Goods All goods (including but not limited to equipment, materials, software, accessories, etc., together with the associated services, including but not limited to design, installation, configuration, programming, etc.), as specified in the Order Confirmation.
Auxiliary Person A collaborator of VCS, limited to VCS’s employees, directors, managers and freelancers, with the express exclusion of external subcontractors, suppliers, etc.
Customer A natural or legal person purchasing and/or renting Goods and/or Services from VCS for professional purposes.
Offer The offer/quotation issued by VCS.
Order Confirmation The order confirmation issued by VCS following an order placed by the Customer.
Agreement The agreement concerning the supply of Goods and/or Services by VCS to the Customer as described in the Order Confirmation and including these GTC.
Force Majeure An unforeseeable and unavoidable circumstance arising after the conclusion of the Agreement that renders its performance impossible or unreasonably burdensome.
Party VCS or the Customer.
Parties VCS and the Customer.
Price The price for the performance of the Agreement.
VCS VCS Video & Conferencing Solutions, with registered office at 3001 Leuven, Ambachtenlaan 14 (KBO 0634.574.988).
Website VCS’s website: https://vcsolutions.be/
SCOPE OF APPLICATION
2.1 Unless otherwise agreed in writing by VCS, these GTC are the only terms applicable to any negotiation with, order placed with and offer issued by VCS, as well as to any Agreement between the Parties and the performance thereof.
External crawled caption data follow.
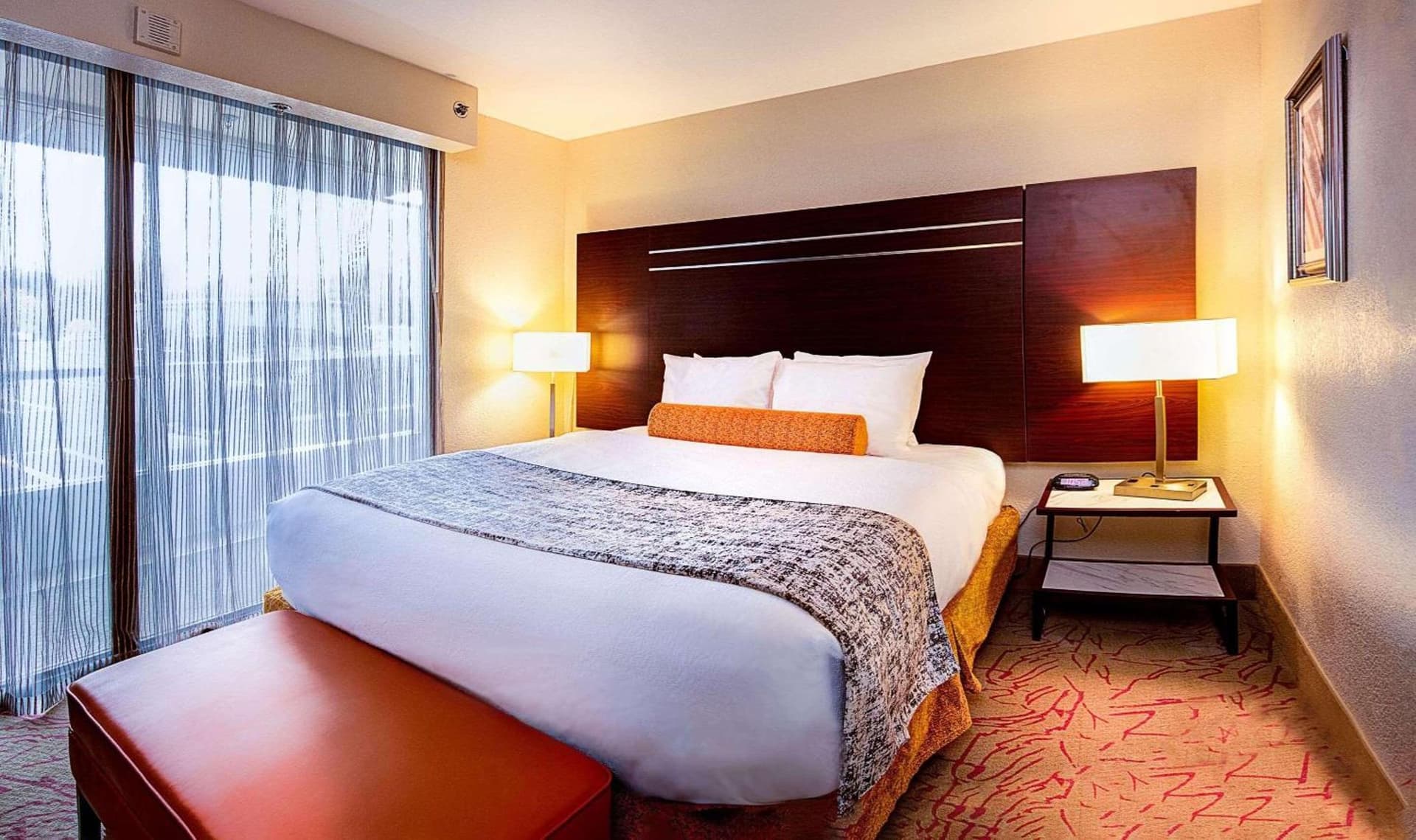Radisson Hotel Southfield-Detroit gallery photo in Southfield, MI — image 19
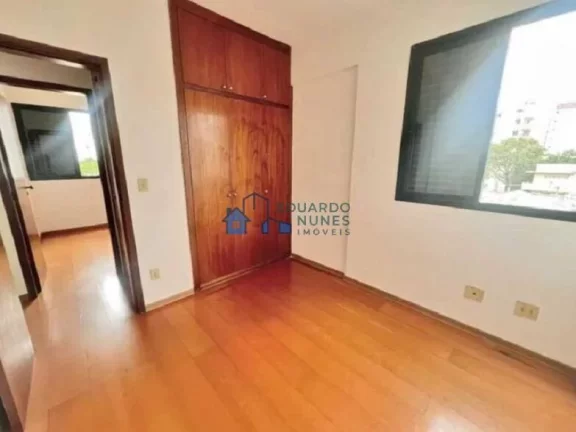 Imagem APARTAMENTO COM 03 QUARTOS, 02 VAGAS PARALELAS NO CRUZEIRO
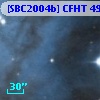 [SBC2004b] CFHT 4989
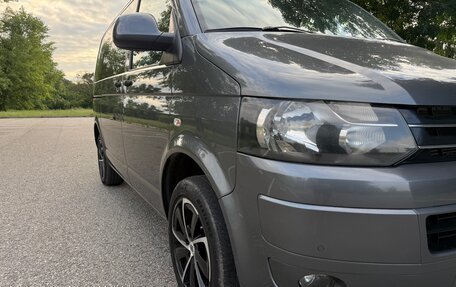 Volkswagen Multivan T5, 2010 год, 2 400 000 рублей, 9 фотография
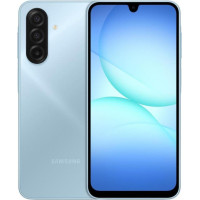 Samsung Galaxy A17 4/128GB Light Blue (SM-A175FLBB)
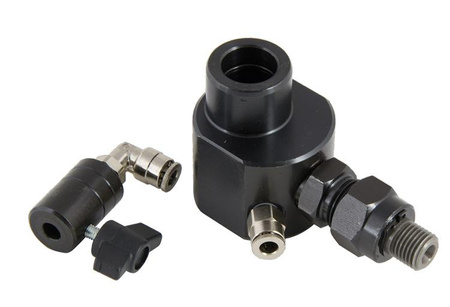 Adaptér pro napájení, řízení toku a přenosu vstřikovače Denso, velikost: 27 mm (5480/09F05959/comp/m.5050/04E07429/comp/m.5050/07860/07860/04E07435)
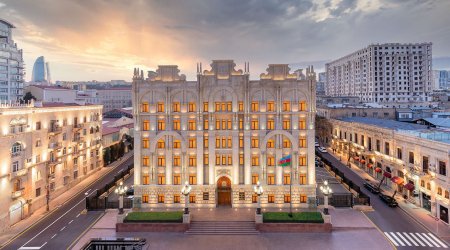 DİN-dən MÜRACİƏT: İnsan alverinin qurbanına çevrilməmək üçün diqqətli ol! &ndash; VİDEO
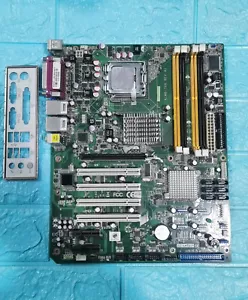 Placa madre Advantech AIMB-766 REV.A2#1/6 1 PIEZA usada - Imagen 1 de 2
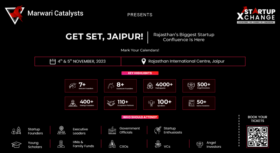 Startup Xchange 4.0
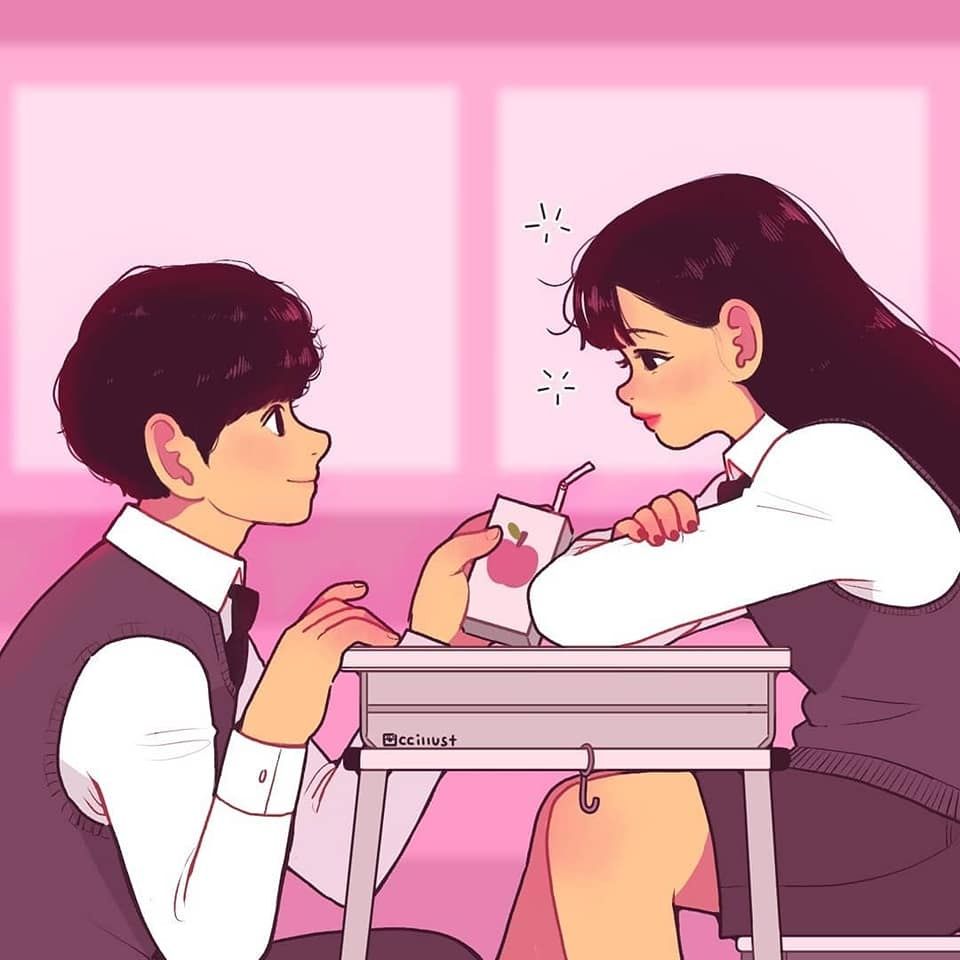 Mơ thấy crush đánh đề số gì may mắn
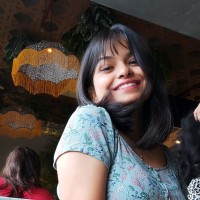 Nidhi Verma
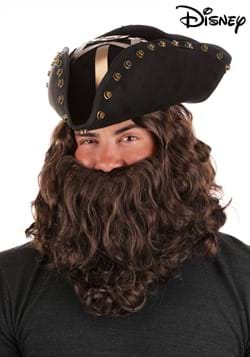 Blackbeard Pirate Hat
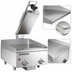 Thumbnail image #4 for Vulcan Rapid Recovery Electric Manual Clamshell Hood for Griddles, 10.4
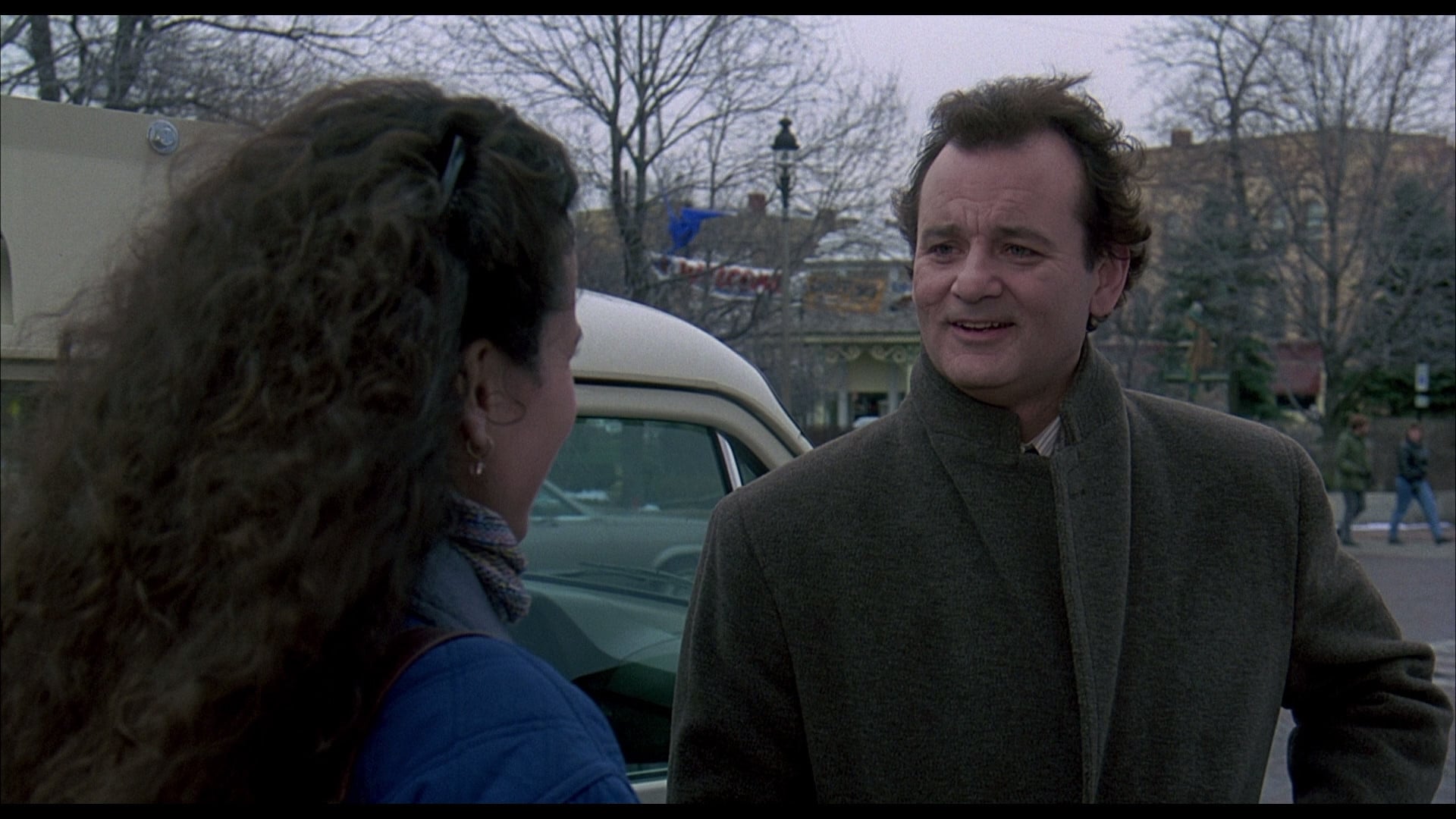 1993 Groundhog Day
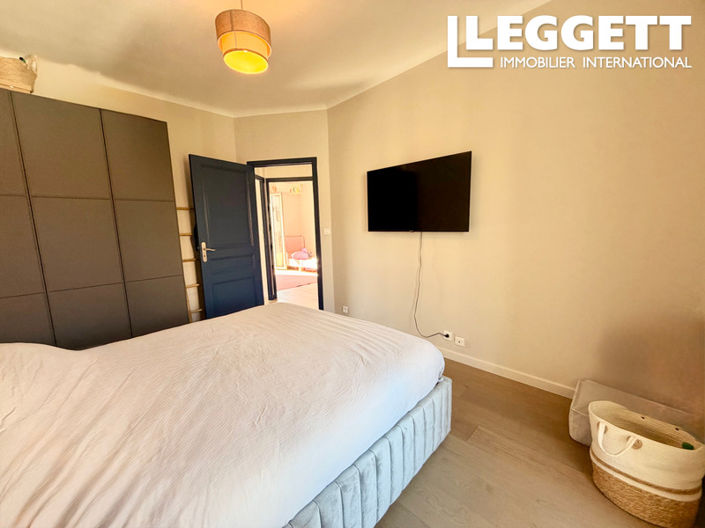 Image No.10-Appartement de 4 chambres à vendre à Antibes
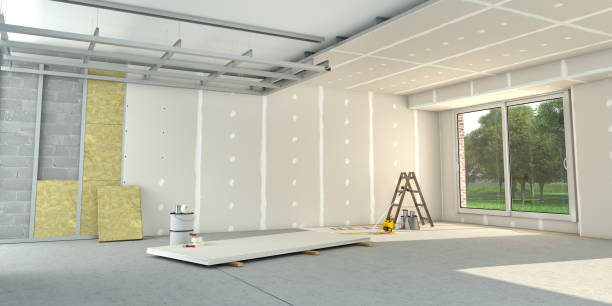 Best Spray Foam Insulation in Gaston, SC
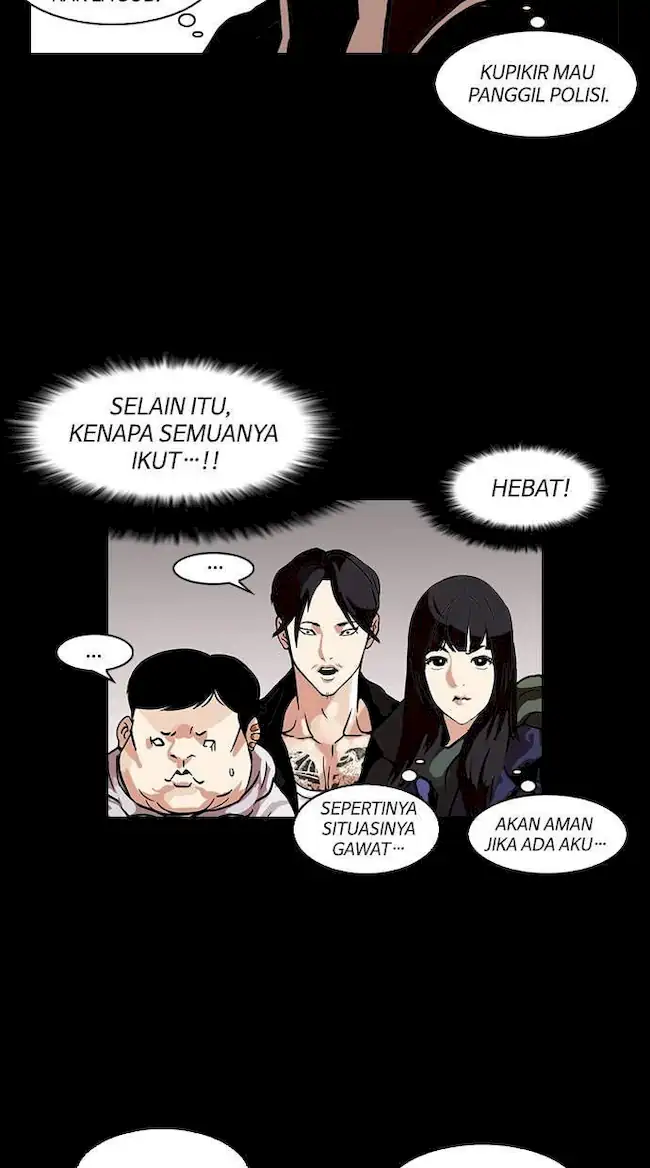 Lookism Chapter 107 Gambar 42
These GTC also apply to all future agreements between VCS and the Customer, even if VCS does not expressly refer to these GTC in the context of subsequent Agreements.
2.2 The Customer expressly waives the application of its own general terms and conditions.
2.3 VCS communicates the GTC upon first request and makes them available with the Offer, the Order Confirmation, invoicing and via the Website.
2.4 VCS may amend the GTC at any time. The latest version can always be found on the Website. Amendments to the GTC apply to Agreements concluded after the date of publication of the GTC on the Website.
OFFER AND ORDER CONFIRMATION
3.1 An Offer is without obligation. Unless otherwise stated, an Offer is valid for 30 days from its date.
3.2 The delivery periods stated in the Offer are indicative and do not bind VCS. The Customer expressly acknowledges that the delivery period is not an essential element of the Agreement.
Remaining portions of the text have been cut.